Dr. Donglei "Emma" Fan is a Professor in the Department of Mechanical Engineering and a faculty member of the Materials Science and Engineering Program and the Texas Materials Institute at The University of Texas at Austin.

Dr. Fan received two prestigious awards from the National Science Foundation (NSF), the NSF Mid-Career Advancement Award (2022) and the NSF CAREER Award (2012). Dr. Fan is a Fellow of the Royal Society of Chemistry (2021) and an invited Official Nominator of the Japan Prize (2017). She also is the 2022 Johns Hopkins Whiting School of Engineering Ilene Busch-Vishniac Lecturer; the lectureship "features outstanding women in engineering and highlights the intellectual contributions of the lecturers while serving to inspire young women to pursue degrees and careers in engineering". Recently, Dr. Fan has been elected as a Fellow of the American Institute of Medical and Biological Engineering (AIMBE) to be officially inducted in March 2024.

Prof.

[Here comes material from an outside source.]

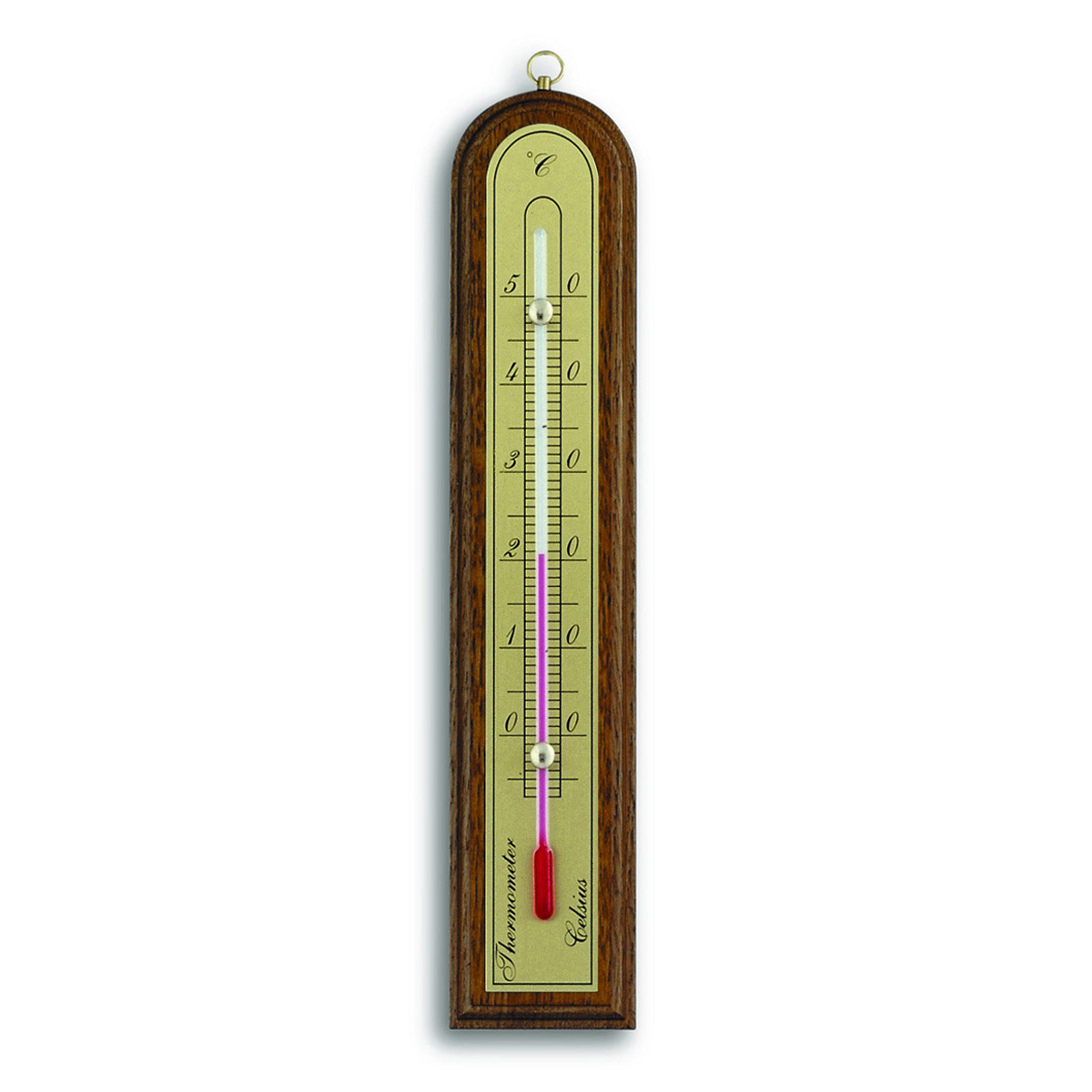 Analogue indoor thermometer made of oak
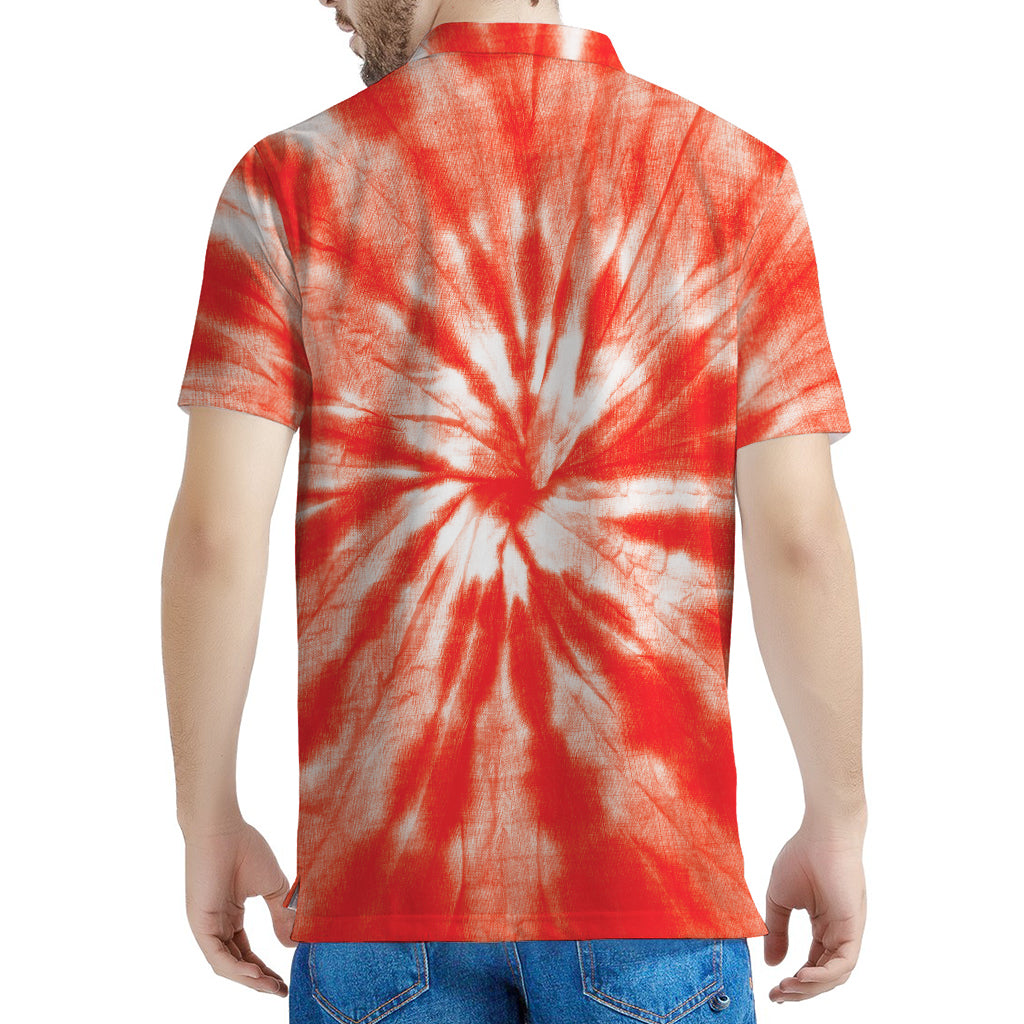 Orange Tie Dye Print Men's Polo Shirt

Fan's research program focuses on the fabrication, manipulation, and assembly of intelligent, active micro/nanoscale structures, 3D hierarchical porous materials, and stimulus-responsive materials via understanding and exploiting fundamental materials science, physics, and chemistry. The efforts aim at addressing critical problems in robotics, sensing, biomedicine, and water treatment. She also develops precision tools used in biomedical research. She is an inventor of the patent awarded "Electric Tweezers" technique that can precisely manipulate longitudinal nanoscale materials in aqueous suspension by combined AC and DC electric fields with a precision of 20 nm in positioning and 0.5 degrees in angle under a standard microscope. Her team also discovered the effect of light-semiconductor-electric-field interaction that can be applied to realize multimodal reconfigurable nanodevices.

Prof. Fan's research has spurred a series of publications in leading journals, including Nature Nanotechnology, Nature Communications, Science Advances, the Proceedings of National Academy of Sciences, Physical Review Letters, and Advanced Materials. Dr. Fan is particularly interested in technology transfer and entrepreneurship. She is an inventor of eight granted patents and a few pending patents. One patent has been licensed to a startup company.

Prof. Fan received her Ph.D. degree in Materials Science and Engineering and two MS degrees, one in Materials Science and another in Electric Engineering, all from The Johns Hopkins University. She received an interdisciplinary education in both chemistry and physics from the Department of Intensive Instruction at Nanjing University, China, an honor program designed for talented undergraduates. She received early admission to the honor program, exempted from the National College Entrance Examination and awarded with a Freshman Merit Scholarship.